** WORK REQUIRED **
Reproduce each line from the records that holds "Cotton".

[Brief descriptive captions]
***
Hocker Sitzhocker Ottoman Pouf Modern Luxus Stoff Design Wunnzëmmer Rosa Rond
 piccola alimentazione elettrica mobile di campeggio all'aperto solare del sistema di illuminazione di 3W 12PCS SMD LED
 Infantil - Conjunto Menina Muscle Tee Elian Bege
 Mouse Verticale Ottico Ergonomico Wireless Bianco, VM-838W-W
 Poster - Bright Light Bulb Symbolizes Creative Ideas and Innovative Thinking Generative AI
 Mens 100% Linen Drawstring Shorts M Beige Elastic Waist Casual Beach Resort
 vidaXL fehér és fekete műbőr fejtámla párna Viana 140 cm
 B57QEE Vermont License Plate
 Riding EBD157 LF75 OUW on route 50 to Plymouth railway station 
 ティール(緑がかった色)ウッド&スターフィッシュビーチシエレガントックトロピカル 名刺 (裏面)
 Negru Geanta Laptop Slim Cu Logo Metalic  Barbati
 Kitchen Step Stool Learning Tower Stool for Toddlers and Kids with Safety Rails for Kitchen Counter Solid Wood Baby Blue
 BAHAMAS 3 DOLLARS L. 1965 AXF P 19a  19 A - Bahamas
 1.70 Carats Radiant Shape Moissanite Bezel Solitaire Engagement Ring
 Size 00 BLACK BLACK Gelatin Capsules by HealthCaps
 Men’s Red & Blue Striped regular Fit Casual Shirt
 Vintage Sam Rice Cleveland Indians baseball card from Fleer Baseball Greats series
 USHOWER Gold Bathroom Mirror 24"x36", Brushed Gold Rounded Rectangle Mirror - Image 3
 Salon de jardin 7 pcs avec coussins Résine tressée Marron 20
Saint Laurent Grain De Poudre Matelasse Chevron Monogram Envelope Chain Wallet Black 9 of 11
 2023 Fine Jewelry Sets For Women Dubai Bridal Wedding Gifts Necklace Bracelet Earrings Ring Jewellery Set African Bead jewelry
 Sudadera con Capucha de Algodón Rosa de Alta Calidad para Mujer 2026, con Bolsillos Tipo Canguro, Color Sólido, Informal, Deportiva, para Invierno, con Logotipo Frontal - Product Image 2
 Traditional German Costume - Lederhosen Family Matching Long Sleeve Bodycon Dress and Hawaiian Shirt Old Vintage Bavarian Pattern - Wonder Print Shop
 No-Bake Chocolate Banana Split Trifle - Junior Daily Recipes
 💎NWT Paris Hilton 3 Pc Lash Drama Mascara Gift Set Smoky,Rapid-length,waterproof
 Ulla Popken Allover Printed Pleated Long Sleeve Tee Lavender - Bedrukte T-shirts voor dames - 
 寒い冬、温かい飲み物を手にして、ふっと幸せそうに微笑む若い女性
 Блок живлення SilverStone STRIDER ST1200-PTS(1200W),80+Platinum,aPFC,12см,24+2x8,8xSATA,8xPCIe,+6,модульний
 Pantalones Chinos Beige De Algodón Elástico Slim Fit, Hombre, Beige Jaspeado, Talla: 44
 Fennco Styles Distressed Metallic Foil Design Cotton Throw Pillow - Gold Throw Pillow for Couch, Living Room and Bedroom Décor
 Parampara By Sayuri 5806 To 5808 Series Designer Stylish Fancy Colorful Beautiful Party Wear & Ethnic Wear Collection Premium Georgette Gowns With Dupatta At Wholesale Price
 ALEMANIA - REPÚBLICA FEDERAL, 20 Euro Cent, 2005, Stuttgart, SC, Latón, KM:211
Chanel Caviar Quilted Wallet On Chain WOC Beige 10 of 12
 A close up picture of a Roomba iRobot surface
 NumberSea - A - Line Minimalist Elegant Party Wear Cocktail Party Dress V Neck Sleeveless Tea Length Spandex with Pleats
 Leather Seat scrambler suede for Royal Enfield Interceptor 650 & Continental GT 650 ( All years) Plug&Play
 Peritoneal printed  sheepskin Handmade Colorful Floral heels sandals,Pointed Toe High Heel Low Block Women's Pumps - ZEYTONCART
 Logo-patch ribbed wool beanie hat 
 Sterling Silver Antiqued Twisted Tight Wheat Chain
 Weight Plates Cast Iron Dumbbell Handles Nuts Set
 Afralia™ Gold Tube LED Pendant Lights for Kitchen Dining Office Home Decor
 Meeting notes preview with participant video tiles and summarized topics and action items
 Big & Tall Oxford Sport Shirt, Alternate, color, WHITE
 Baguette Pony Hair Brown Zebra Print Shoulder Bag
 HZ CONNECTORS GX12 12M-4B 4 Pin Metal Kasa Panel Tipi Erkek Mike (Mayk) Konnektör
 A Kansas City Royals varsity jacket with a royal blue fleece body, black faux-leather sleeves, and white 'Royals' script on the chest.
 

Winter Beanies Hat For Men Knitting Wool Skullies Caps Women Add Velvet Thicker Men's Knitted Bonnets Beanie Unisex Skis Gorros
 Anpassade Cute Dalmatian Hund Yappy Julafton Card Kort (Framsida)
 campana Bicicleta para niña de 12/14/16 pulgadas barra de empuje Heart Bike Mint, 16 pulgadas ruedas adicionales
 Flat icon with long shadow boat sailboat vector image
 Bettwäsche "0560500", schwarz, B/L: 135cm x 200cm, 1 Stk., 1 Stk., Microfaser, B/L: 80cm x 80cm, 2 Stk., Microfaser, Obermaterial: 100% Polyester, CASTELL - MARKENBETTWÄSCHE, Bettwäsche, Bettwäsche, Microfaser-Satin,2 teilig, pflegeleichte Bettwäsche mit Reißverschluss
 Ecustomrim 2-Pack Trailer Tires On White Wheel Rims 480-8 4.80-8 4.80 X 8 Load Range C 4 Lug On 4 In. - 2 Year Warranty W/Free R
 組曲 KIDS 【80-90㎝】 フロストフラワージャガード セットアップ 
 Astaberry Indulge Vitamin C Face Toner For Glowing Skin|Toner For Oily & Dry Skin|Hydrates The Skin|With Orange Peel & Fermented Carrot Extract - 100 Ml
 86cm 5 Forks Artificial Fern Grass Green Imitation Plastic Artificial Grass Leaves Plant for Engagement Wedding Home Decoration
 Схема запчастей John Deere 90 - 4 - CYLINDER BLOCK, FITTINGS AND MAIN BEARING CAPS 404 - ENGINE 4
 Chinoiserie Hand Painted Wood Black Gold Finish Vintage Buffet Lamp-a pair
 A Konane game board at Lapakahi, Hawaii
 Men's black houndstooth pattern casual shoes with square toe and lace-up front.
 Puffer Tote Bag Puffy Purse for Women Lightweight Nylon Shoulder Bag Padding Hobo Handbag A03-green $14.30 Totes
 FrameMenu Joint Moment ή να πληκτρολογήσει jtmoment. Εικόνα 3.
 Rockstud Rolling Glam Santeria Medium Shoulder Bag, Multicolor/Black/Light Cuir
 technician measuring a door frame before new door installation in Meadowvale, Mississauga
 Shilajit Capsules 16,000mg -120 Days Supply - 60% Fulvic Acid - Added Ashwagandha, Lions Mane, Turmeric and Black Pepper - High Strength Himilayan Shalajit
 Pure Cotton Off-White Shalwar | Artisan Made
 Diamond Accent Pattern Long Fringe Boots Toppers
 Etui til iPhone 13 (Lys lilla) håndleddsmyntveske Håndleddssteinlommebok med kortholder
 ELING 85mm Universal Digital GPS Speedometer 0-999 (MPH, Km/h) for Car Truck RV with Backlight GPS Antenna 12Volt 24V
***
** ANSWER TO THIS TASK **
 Fennco Styles Distressed Metallic Foil Design Cotton Throw Pillow - Gold Throw Pillow for Couch, Living Room and Bedroom Décor
 Pure Cotton Off-White Shalwar | Artisan Made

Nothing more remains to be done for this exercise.